Variation of heat transfer coefficient of R-134a with heat flux at different surface roughness and different operating pressures

The enhancement ratio is defined as follows:

$$ \xi = \frac{{h - h_{pure} }}{{h_{pure} }} \times 100 $$
(13)

where h is the heat transfer coefficient of nano fluid and h pure is the one for pure R-134a at the same conditions. Based on the measured data, the enhancement ratio reaches up to 150% as shown in Fig. 6.

Fig. 6
figure 6

Variation in the enhancement ratio of heat transfer coefficient with heat flux at different surface roughness and different operating pressures at the same concentration

An empirical correlation was deduced to formulate the relation among h and the parameters (p, q, ϕ and Ra) for pool boiling of R134a-Al2O3 using EUREQA FORMLIZE software within a maximum deviation of about ±9% as follows:

$$ h^{*} = \frac{h}{{h_{mr} }} = \left[ {1.22 \times 45^{{\left( {\frac{q}{{q_{cr} }}} \right)}} \times 1.08^{{\left( {\frac{Ra}{{Ra_{mr} }}} \right)}} \times 0.669^{\phi } } \right] \, ^{{\left[ {\left( {\frac{p}{{p_{cr} }}} \right) \, \times \, \left( {\frac{{3.12\phi \times 1.05^{{\left( {\frac{Ra}{{Ra_{mr} }}} \right)}} }}{{\left( {\frac{Ra}{{Ra_{mr} }}} \right)}}} \right) \, ^{{\left( {\frac{p}{{p_{cr} }}} \right)}} } \right]}} $$
(14)

The calculated heat transfer coefficient from the deduced correlation versus the experimental one was illustrated in Fig. 7.

Fig. 7
figure 7

Deduced data versus experimental ones

5 Comparison among present work and previous ones

The current experimental results for pure R-134a were validated by comparing the results by the following correlation which had been deduced by Cooper [27] at the same operating conditions;

$$ \frac{h}{{q^{0.67} }} = 55 \times \left[ {\frac{p}{{p_{cr} }}} \right]^{{(0.12 - 0.2 \, \log \, R_{p} )}} \times \left[ { - \log \frac{p}{{p_{cr} }}} \right]^{ - 0.55} \times M^{ - 0.5} $$
(15)

Referring to Fig. 8, one can find a fair validation has been established.

Fig. 8
figure 8

Validation of the experimental results for mirror surface

The heat transfer coefficient reaches twice that of pure R-141b by addition of nano Au particles as provided by Liu and Yang [12]. The effect of the addition of carbon nano tubes (CNTs) on boiling heat transfer of refrigerant R-22 and water was investigated by Park and Jung [28]. Test results showed that CNTs increase heat transfer coefficients at low heat fluxes. Also, the addition of (CNTs) to R-123 and R-134a shows an increase in heat transfer coefficient at low heat fluxes as reported by Park and Jung [29]. Referring to Fig. 9, about 48% enhancement was observed due to the addition of nono-Al2O3 in the present work rather than those from the addition of nano CNCs either to R-22 or R-141b.

Fig. 9
figure 9

Comparison among present work and previous ones

6 Conclusions

The effect of addition of nano particles of Aluminum oxide to a base R-134a on pool boiling heat transfer at different concentrations had been experimentally investigated using a horizontal stainless steel cylindrical heater having different surface roughness. The tests were carried out at different operating pressure and different heat fluxes. The results can be systemized as follows:

The heat transfer coefficient can be doubled with the increase of the nano particles concentration up to 0.25%. But it comes down with exceed of nano particles concentration.
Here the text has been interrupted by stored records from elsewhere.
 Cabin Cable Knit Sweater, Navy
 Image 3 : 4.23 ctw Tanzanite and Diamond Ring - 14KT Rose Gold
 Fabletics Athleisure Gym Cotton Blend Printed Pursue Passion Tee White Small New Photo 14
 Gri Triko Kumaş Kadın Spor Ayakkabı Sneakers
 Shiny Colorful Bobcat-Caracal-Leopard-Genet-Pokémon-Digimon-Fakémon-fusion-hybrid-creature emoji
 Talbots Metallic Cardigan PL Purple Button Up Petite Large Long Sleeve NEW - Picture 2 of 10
An enhancement in heat transfer coefficient up to 37.6, 55.4, 90.2, 167.7% corresponding to 0.042, 0.84, 1.54, and 2.35 μm surface roughness, respectively, were recorded.
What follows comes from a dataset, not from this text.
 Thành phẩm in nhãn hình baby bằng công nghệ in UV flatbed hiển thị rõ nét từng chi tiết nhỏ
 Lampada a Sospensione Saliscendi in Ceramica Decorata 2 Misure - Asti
An empirical correlation was deduced to describe the variation of heat transfer coefficient with heat flux, pressure, surface roughness and nano particles concentrations within a deviation of ±9%.

In a comparison with previous works, about 48% enhancement was observed due to the addition of nono-Al2O3 to R-134a in the present work rather than those from the addition of nano CNCs either to R-22 or R-141b.